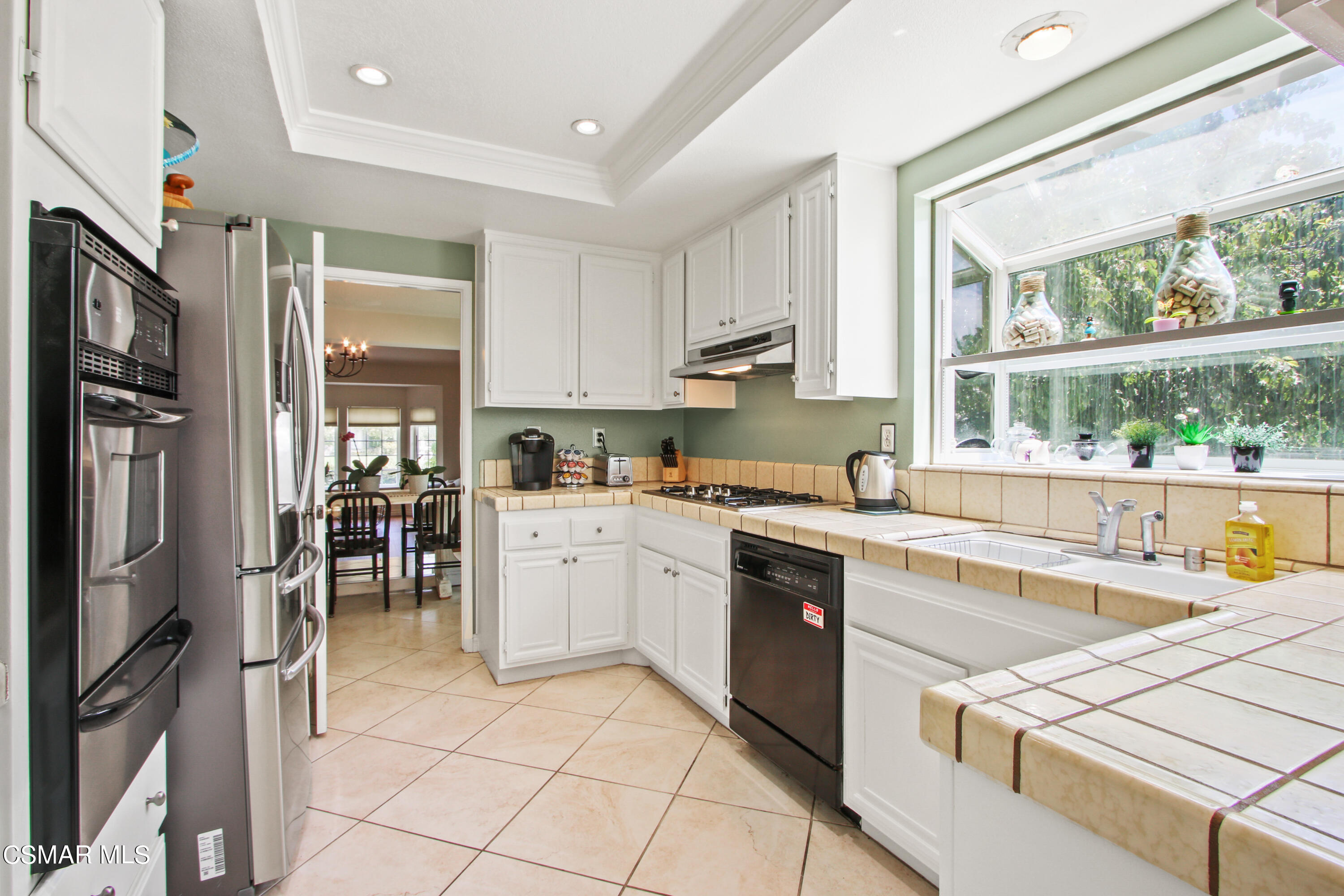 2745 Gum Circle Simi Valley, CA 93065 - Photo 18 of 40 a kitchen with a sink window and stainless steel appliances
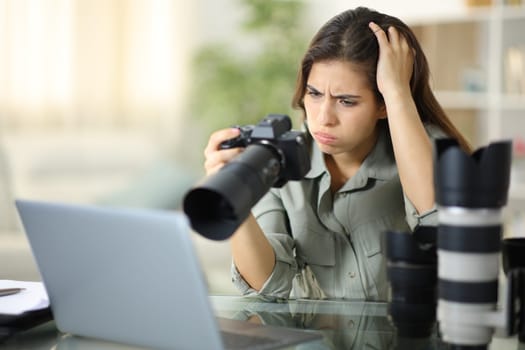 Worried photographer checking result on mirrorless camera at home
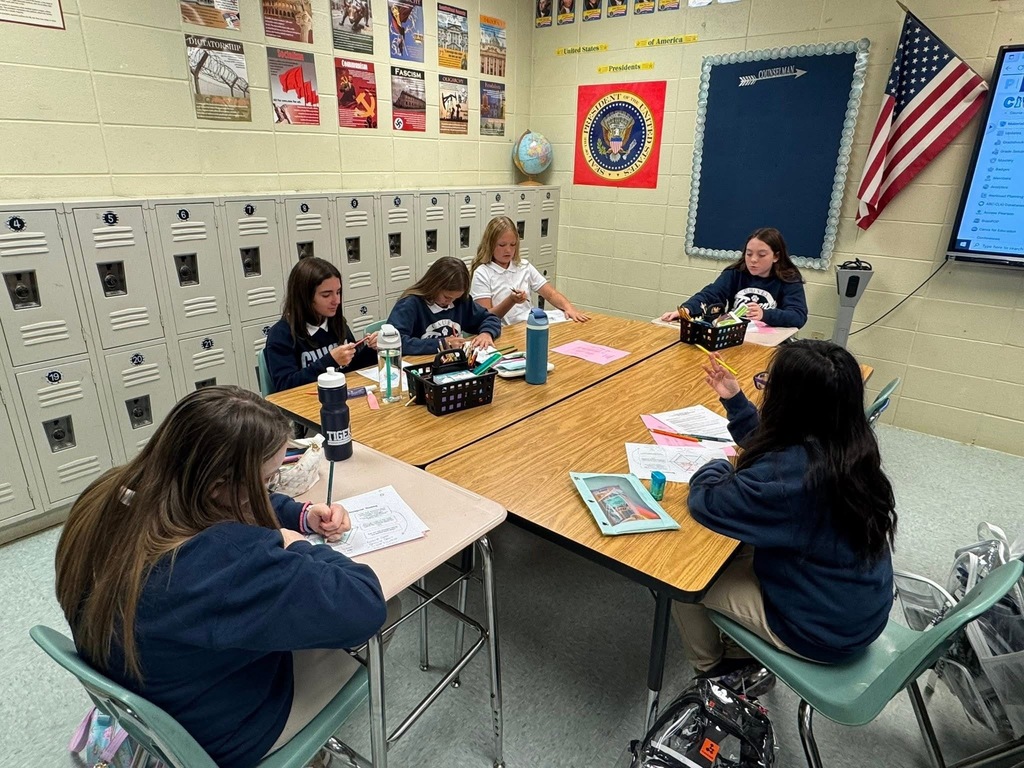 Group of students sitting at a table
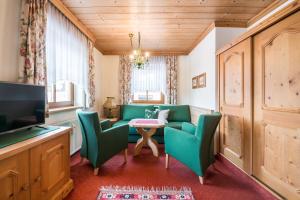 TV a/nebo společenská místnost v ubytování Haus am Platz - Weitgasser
= = =
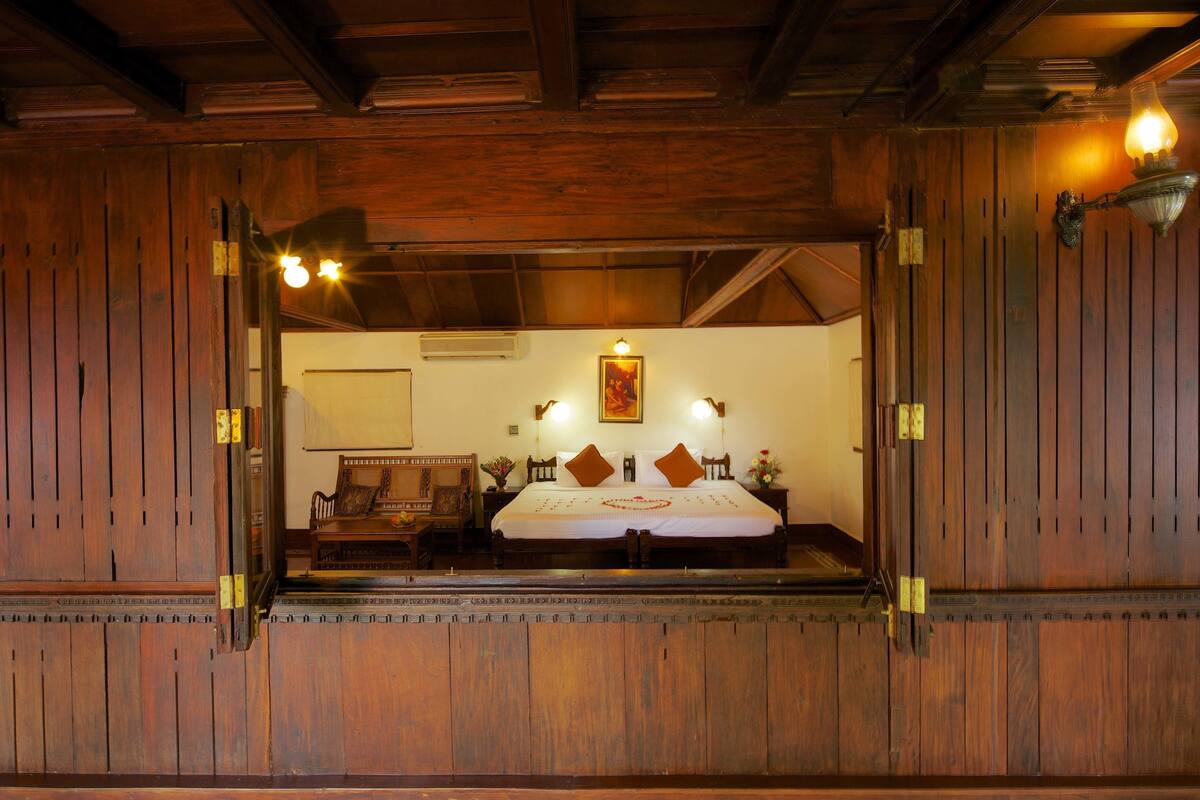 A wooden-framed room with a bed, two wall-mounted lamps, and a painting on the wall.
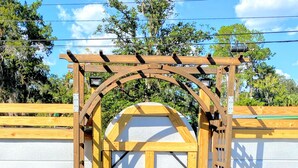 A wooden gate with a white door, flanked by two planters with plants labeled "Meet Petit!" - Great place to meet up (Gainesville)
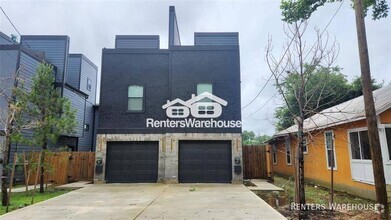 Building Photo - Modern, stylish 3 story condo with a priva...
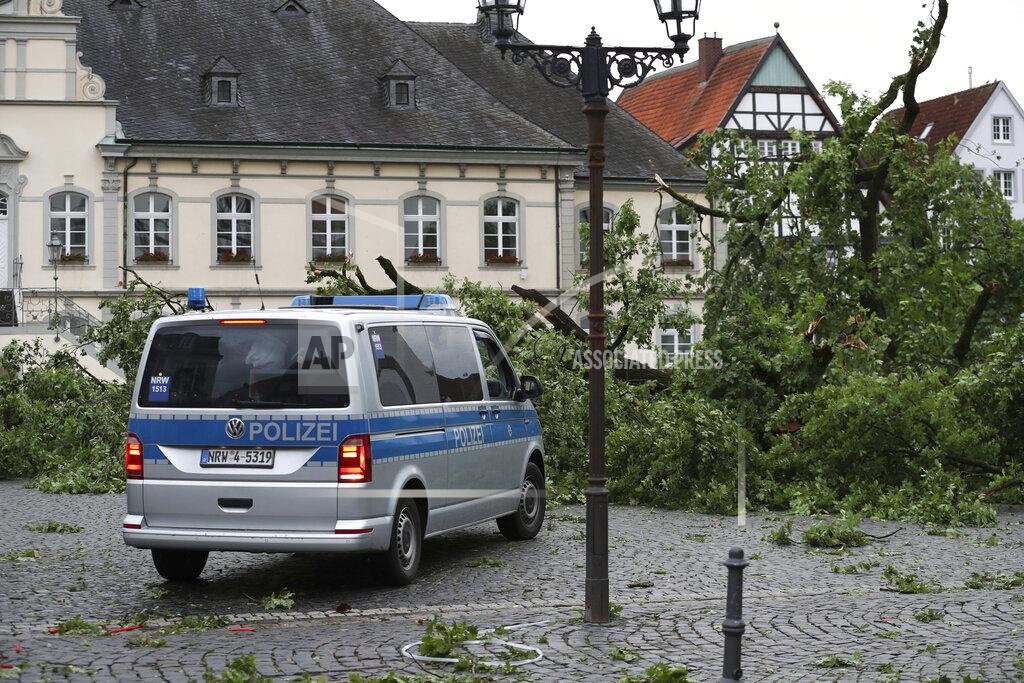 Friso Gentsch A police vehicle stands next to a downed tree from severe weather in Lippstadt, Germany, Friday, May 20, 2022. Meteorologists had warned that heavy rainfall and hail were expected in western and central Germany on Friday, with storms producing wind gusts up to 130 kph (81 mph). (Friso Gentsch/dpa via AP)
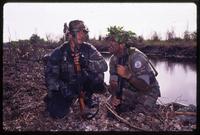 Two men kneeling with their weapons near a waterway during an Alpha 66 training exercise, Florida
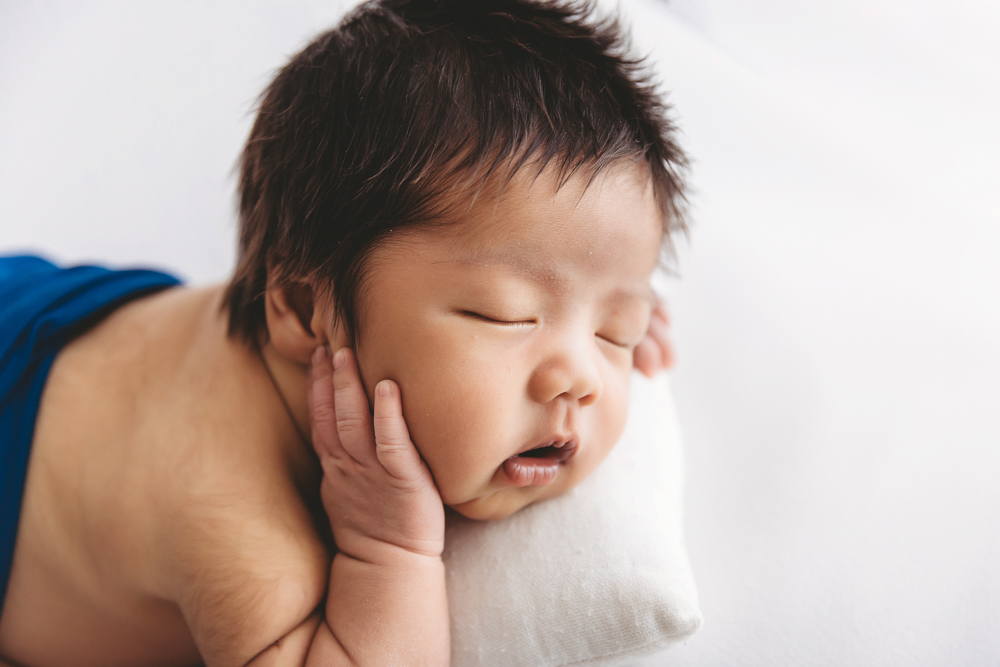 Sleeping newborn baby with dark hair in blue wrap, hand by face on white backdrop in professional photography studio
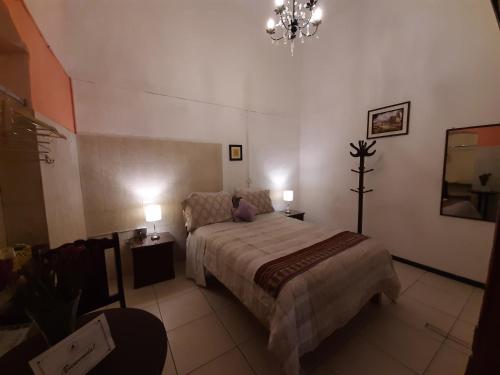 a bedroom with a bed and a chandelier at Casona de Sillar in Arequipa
= = =
__Your goal__:
Repeat only the stretch of data above that runs from the line with "A wooden-framed room" to the line with "a bedroom with". Keep both end lines; exclude pictures.

__Task output__:
 A wooden-framed room with a bed, two wall-mounted lamps, and a painting on the wall.
 A wooden gate with a white door, flanked by two planters with plants labeled "Meet Petit!" - Great place to meet up (Gainesville)
 Building Photo - Modern, stylish 3 story condo with a priva...
 Friso Gentsch A police vehicle stands next to a downed tree from severe weather in Lippstadt, Germany, Friday, May 20, 2022. Meteorologists had warned that heavy rainfall and hail were expected in western and central Germany on Friday, with storms producing wind gusts up to 130 kph (81 mph). (Friso Gentsch/dpa via AP)
 Two men kneeling with their weapons near a waterway during an Alpha 66 training exercise, Florida
 Sleeping newborn baby with dark hair in blue wrap, hand by face on white backdrop in professional photography studio
 a bedroom with a bed and a chandelier at Casona de Sillar in Arequipa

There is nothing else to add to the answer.